|Publication Type||Journal Article|
|Source||Studies in health technology and informatics, Volume 143, p.248 - 257 (2009)|
|Year of Publication||2009|
|Authors||Moselle, K. A.|
|Journal||Studies in health technology and informatics|
|Selection||Hit & telehealth|
This paper responds to a commonly expressed belief, or perhaps hope, that full implementation of the electronic health record (EHR) will promote a "paradigm shift" in the delivery of health services, enhancing both service system efficiency and effectiveness in ways that would not have otherwise been possible.

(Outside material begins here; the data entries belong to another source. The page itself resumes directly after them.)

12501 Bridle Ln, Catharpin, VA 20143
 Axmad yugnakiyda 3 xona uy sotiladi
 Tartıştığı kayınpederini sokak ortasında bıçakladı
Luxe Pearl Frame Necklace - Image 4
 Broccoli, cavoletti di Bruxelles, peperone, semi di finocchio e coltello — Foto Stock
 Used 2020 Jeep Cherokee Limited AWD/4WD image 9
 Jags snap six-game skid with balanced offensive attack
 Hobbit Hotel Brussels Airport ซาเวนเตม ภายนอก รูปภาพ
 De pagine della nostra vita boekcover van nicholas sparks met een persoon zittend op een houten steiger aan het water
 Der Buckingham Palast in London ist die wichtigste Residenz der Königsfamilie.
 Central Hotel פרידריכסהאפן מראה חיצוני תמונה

A model is proposed that defines stages in the development of the EHR in terms of two sets of functional components: 1) information management tools used to support the delivery of care; and 2) decision support tools that use information drawn from the EHR to promote functional integration among the components of complex service systems. "Paradigm shift" is defined operationally within this framework in terms of evolution of the EHR through these stages. The concept of "clinical interoperability" (anchored in a semantically interoperable EHR) is elaborated upon and presented as the sine qua non for a distinctive form of paradigm change that centres on support for care delivery within any given location in the system, and on EHR-based support for client movement through the system. The Vancouver Island Health Authority/Infoway Bridges, now deployed across the full array of hospital and community-based mental health and addiction services, is an example of an EHR that leverages the semantically interoperable components of an EHR to support a paradigm shift in clinical interoperability for the mental health and addictions service system.